== Material provided ==
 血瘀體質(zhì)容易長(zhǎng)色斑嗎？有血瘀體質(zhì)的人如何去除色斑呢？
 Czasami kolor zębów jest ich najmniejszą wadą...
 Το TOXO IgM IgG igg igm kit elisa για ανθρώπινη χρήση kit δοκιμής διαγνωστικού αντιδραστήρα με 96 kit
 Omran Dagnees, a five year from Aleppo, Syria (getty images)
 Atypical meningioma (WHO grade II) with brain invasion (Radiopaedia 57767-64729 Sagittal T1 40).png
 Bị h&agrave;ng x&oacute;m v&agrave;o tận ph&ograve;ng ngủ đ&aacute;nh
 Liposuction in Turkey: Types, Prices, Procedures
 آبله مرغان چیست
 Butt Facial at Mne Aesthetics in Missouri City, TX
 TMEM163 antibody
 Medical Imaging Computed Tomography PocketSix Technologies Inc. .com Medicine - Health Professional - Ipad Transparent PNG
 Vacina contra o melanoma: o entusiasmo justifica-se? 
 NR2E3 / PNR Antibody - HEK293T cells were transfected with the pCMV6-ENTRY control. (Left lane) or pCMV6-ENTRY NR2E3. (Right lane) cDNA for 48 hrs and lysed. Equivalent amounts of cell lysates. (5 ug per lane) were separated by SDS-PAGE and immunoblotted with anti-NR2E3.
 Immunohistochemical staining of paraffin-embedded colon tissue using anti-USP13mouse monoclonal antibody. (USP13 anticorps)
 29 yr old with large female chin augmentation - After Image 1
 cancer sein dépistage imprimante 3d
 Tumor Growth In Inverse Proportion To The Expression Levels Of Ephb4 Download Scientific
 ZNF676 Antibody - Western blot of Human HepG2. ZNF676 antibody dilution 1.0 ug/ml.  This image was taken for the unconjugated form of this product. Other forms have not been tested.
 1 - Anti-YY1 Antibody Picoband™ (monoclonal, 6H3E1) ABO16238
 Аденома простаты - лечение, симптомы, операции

== Problem description ==
Whenever a line above includes "monoclonal", copy it in full.

== Final answer ==
 Immunohistochemical staining of paraffin-embedded colon tissue using anti-USP13mouse monoclonal antibody. (USP13 anticorps)
 1 - Anti-YY1 Antibody Picoband™ (monoclonal, 6H3E1) ABO16238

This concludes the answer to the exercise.